Y melancólicamente añadió:
— ¡Vas a divertirte... y yo quizás no cene esta noche!... Mi patrona no tiene entrañas ni paciencia.
— Pues ¿qué te ha hecho?
— Despedirme, despedirme impíamente, porque desde mediados
del curso anterior no ve una peseta mía. (Como si fuese culpa mía y no de la ruleta el que yo no tenga dinero!
— ¡Bah!... No te apures: hoy cenas a mi costa y duermes en mi
cama. ¡Cualquiera sabe a que hora volveré yo!
Pablillo agradeció aquello; cenó con él, le ayudó a vestirse, y mientras Juan se cepillaba el hongo, empezó a acostarse. Uceda tiró una última puñalada al espejo, se volvió a Salcedo, que se estiraba gozoso, sintiendo la blanca caricia de las sábanas, y le sonrió:
— ¡Que descanses!...
— ¡Y tú, que te diviertas! — repuso el interpelado, apagando la luz y embozándose por completo.
* * *
Desilusionado, aburrido, Juan Uceda fue a sentarse en un rincón
del foyer; empezaba el descanso, y las parejas, bulliciosas y retozonas, abandonaban la sala en busca de una mesa del restaurante.
— Cada oveja va con su pareja — pensó —. Solamente yo estoy sin la mía.
Miró el reloj: eran las tres y media dadas. ¿A qué esperar ya? Lentamente se dirigió al guardarropa.

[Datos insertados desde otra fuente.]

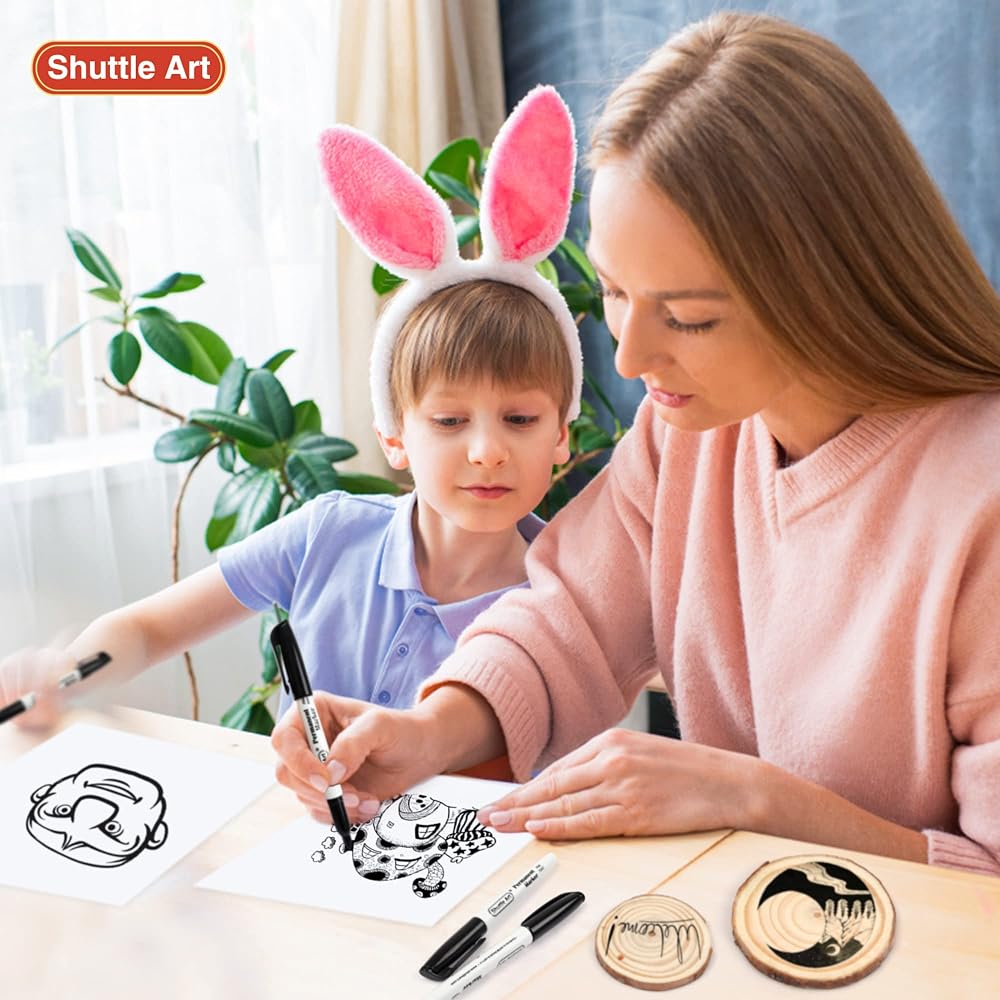 Shuttle Art Marker Pens, Art Markers, Black, 100-Pack, Quick-Drying, Water-Resistant, for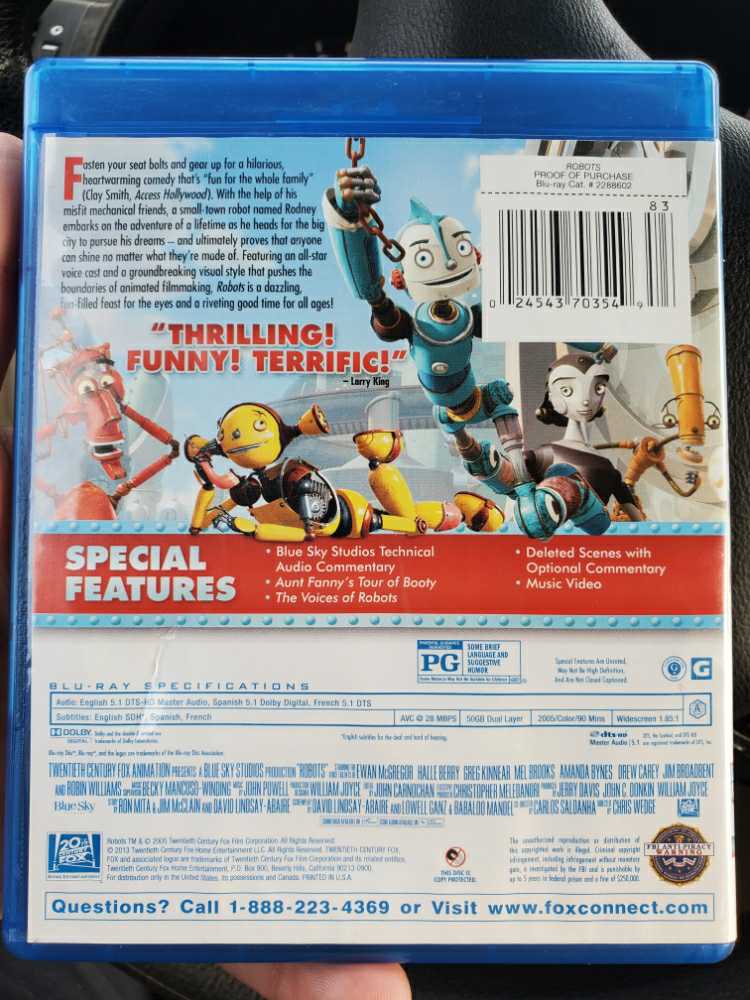 Robots Blu-ray movie collectible [Barcode 024543703549] - Main Image 3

Se vio interrumpido en su camino: una máscara vestida de pierrot se le abalanzó al cuello, y una voz femenina, disfrazada y
melosa , murmuró en su oído:
— ¿No me conoces, nene?...
La miró a los ojos, pues el antifaz ocultaba su rostro por entero, y creyó reconocer aquell a mirada; instintivamente pensó en Laura , la modistilla ardiente y enamoradiza, que le dejó por un cadete a los ocho días de relaciones.
— No te conozco — respondió—. Pero, seas quien seas, me alegro de encontrar a una mujer bonita que quiera cenar conmigo. Porque tú querrás cenar y serás una mujer muy bonita, ¿no?
Rió la mascarita, y acariciándole la mejilla, contestó:
— Yo no sé si soy guapa, tontín. Tú lo verás... luego.
Se encalabrinó el provinciano, y la cena fue digna de Lúculo; cuando, a los postres, pretendió arrancar aquel pedazo de seda que velaba el rostro de la muchacha, en vano intentó ella resistirse: cayó el antifaz, y surgió ante la vista de
Uceda el rostro de... Pablo Salcedo.
— ¿Tú?... ¿Eres tú?... — balbuceó asombrado.
— El mismo. ¿No me dijiste que esta noche cenaba a tu costa? Pues
he cumplido tus deseos.
—Nunca pude esperar esto de ti...
— Pero, hombre, si lo he hecho con la mejor intención... Pensé que las mujeres alegres, que casi no te conocen, no habían de buscarte, y no quise que en este tu primer baile no gozases también la primera aventura. ¿Ves cómo soy un buen amigo?
Pero Uceda se había repuesto de su sorpresa; el campesino rencoroso y engañado resucitó en él y:
— Lo que tú eres es un sinvergüenza — gritó —, que no mereces
más que esto...
Una bofetada resonó estruendosa; cuando, al estrépito, el camarero acudió presuroso, Pablillo, que se había colocado de nuevo el antifaz, le dijo con su voz más aflautada:
— No pasa nada. El señor, que llama para pagar... ¿Verdad, rico? Y acarició otra vez la mejilla de Uceda, ante la sonrisa picaresca del mozo.